ABSTRACT

Insomnia is a prevalent disorder characterized by difficulty initiating or maintaining sleep or by chronically poor sleep quality. Accompanying nocturnal sleep disruption are daytime complaints (e.g., fatigue, poor concentration, lowered social functioning, etc.) that can significantly compromise daily functioning, health status, and quality of life (1-5). Sleep difficulties may arise from a variety of conditions or circumstances, such as stress, environmental factors, changes to the sleep-wake cycle, medical or psychiatric illnesses, or ingestion of sleep-disrupting substances. Regardless of the precipitating factors, insomnia may assume a chronic course perpetuated by psychological, emotional, and behavioral anomalies that persist over time and cause continual sleep disruption (6-8). Included among these are dysfunctional beliefs and attitudes that may contribute to sleep-related performance anxiety and lead to sleep-disruptive bedtime arousal (6,9). In addition, patient’s misconceptions about sleep-promoting practices may give way to a variety of compensatory strategies that only further disrupt sleep.
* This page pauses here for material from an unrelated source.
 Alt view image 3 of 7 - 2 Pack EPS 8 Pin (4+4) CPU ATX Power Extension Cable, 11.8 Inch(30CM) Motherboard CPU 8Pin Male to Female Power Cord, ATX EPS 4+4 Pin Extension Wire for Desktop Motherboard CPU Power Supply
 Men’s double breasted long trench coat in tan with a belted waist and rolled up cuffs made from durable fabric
For example, daytime napping or spending extra time in bed in pursuit of elusive, unpredictable sleep may only serve to interfere with normal homeostatic mechanisms designed to operate automatically in the face of sleep debt. Alternately, the habit of remaining in bed well beyond the normal rising time, following a poor night’s sleep, may disrupt circadian mechanisms and make subsequent sleep more difficult. Additionally, failure to discontinue mentally demanding work and allot sufficient wind-down time before bed may serve as a significant sleep inhibitor during the subsequent sleeping period. Over time, these cognitive and behavioral anomalies may result in the repeated association of the bed and bedroomwith unsuccessful sleep attempts and lead to the development of sleep-disruptive conditioned arousal in response to the home sleeping environment.